The ANC, in a speech presented by Zuma in Berlin on Monday, on current global challenges, said: “We have voiced our views on the need to uphold the will of the people in Zimbabwe, as the ANC.

We reiterate that election results should be released without delay … The ANC regards Zanu PF as a fraternal liberation movement and an ally in the effort to improve the lives of the people of Southern Africa.

We speak on Zimbabwe not because we favour our comrades in Zanu PF, or because we side with opposition parties.

We speak out to promote democracy, peace and stability, and also because as all democrats know, no government can justly claim authority unless it is based on the will of the people.”

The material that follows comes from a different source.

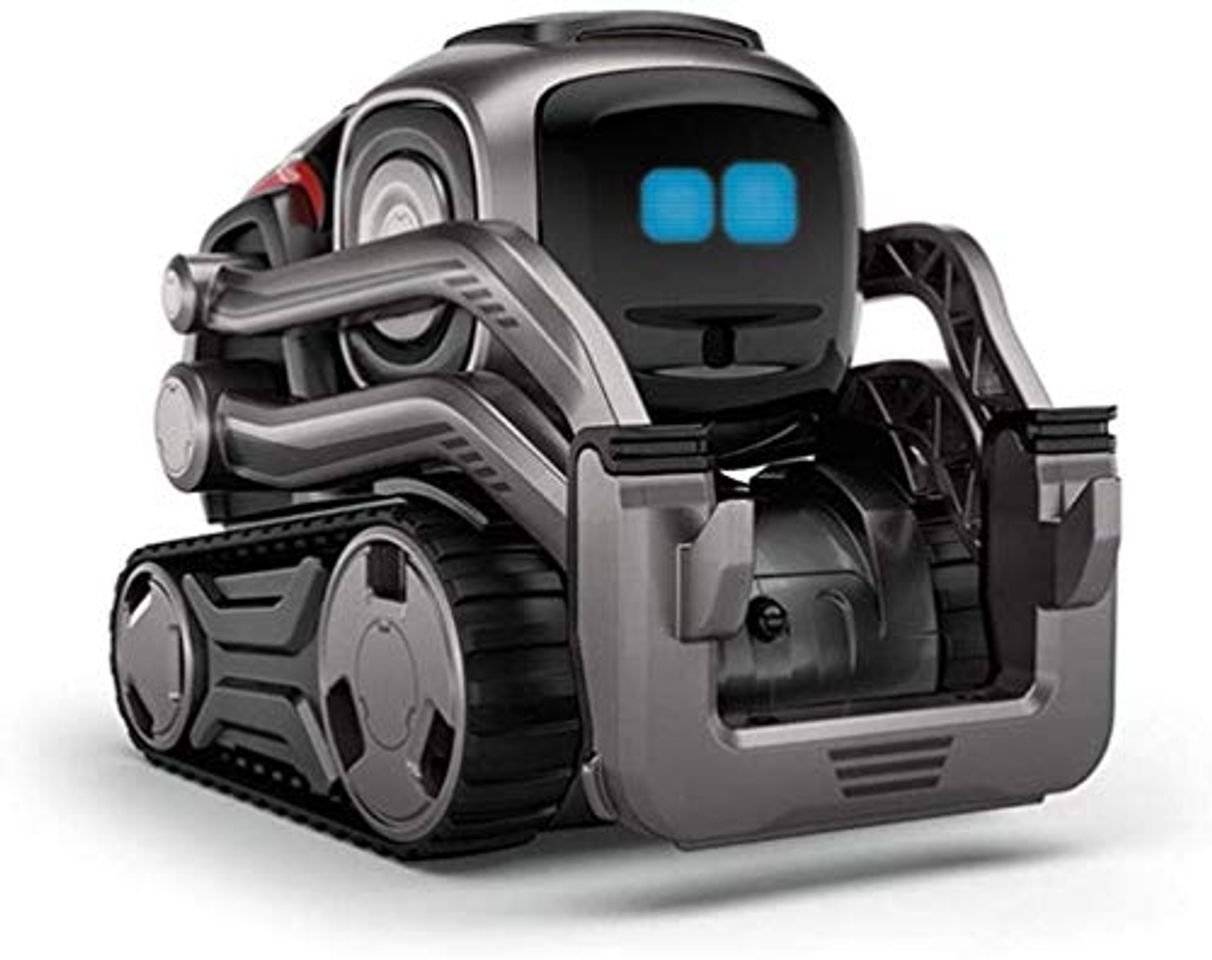 Productos Anki Robot Cozmo Robot de Juguete Divertido e Interactivo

The truth is that no language, no matter how forcible, will produce the result which Zimbabweans are looking for as against the quotable quotes sought by tendentious Western media.

Zuma was forthright that the ANC was speaking as a neighbour “directly affected” by the deepening social and economic crisis in Zimbabwe.

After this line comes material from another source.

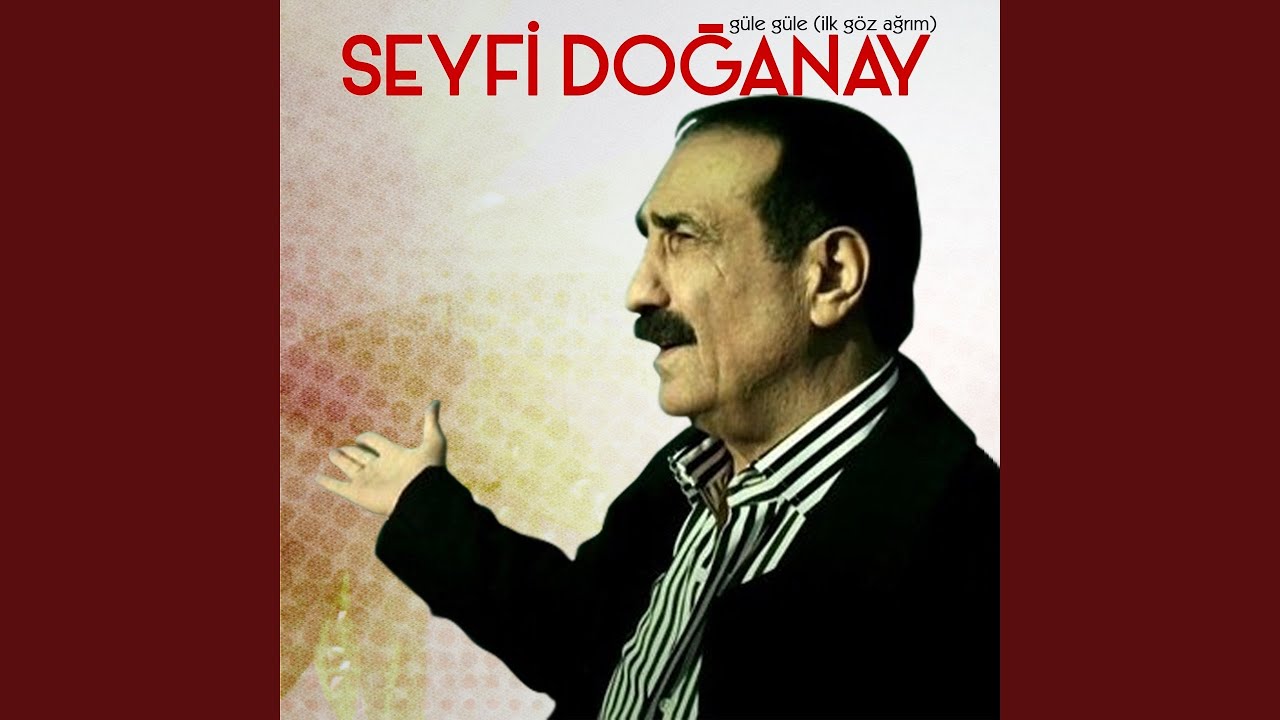Bacımsın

Never did the ANC pretend that “megaphone diplomacy” or military adventurism was the solution to the Zimbabwean crisis.

African leaders who attended the AU summit in Mauritius at the weekend came to the same conclusion, endorsing Mbeki to continue his mediation efforts.

That is unless they want Mugabe to drive a wedge through Sadc as he did to the European Union ahead of Lisbon last year, much to “militant” Gordon Brown’s embarrassment.

My reading of the ANC’s statement yields two perspectives: the continued violence in Iraq, Afghanistan and Somalia does not speak well for the efficacy of the military “solution” so beloved of the US and Britain.

Secondly, that approach has “isolated” the “global north” from influencing events in Zimbabwe where all eyes are focused.

None will admit that militarism as a policy option has been a disaster which cost Tony Blair his job and will cost the Republicans the presidency in the US.

To them it sounds macho. It delivers corpses to their television audiences.

Zuma noted that one of the challenges facing conflict resolution is the “strength, integrity and capacity of multilateral institutions” set up by the AU “to promote multilateral, peaceful and sustainable solutions to crises”.

He observed: “But, as with the United Nations, the effectiveness of these forums depends on the willingness of member-countries to accept the forum as an instrument for addressing international problems.

Specifically, it depends on the capacity of these forums to temper the impulse of powerful countries to impose their will, mainly by use of arms.” (my italics)

That is the position of the ANC. It explains Mbeki’s position vis-à-vis the Zimbabwean crisis at the UN — to avoid giving the US and Britain a pretext for military intervention.

Those who care to interpret events and admit inconvenient truths will soon realise that the West’s patronising attitude towards Africa premised on the provision of “aid packages” and foreign investment will no longer influence African governments’ policies; it will be viewed with scorn.

After Lisbon last year, it is difficult for these blandishments to work again.

What does all this mean?

Simply that white capital’s anxiety in South Africa will not end with a Zuma presidency despite all the cajolery.

It will deepen.

It means as poverty unravels in South Africa and Zuma gets into his element, he will be forced to convert part of his popularity into populist policies to meet the expectations of the poor whom Mbeki is accused of having neglected because he is “aloof”. 

At the end of the day there will be a keener convergence of sentiment between the ANC, Cosatu and the South African Communist Party, forcing Zuma to lean further to the Left than Mbeki, closer to the uncomfortable realisation that, despicable though Mugabe’s methods are, he is far from being a rebel without a cause.

Zuma is Mugabe’s son more than Mbeki can ever be.

If South Africa’s land inequalities are not speedily resolved, Zuma may soon after getting into power find himself portrayed as the next Hitler in the neighbourhood.

Let those in denial pray that he escapes conviction and jail; that he becomes president and faces a sterner reality than song and showmanship.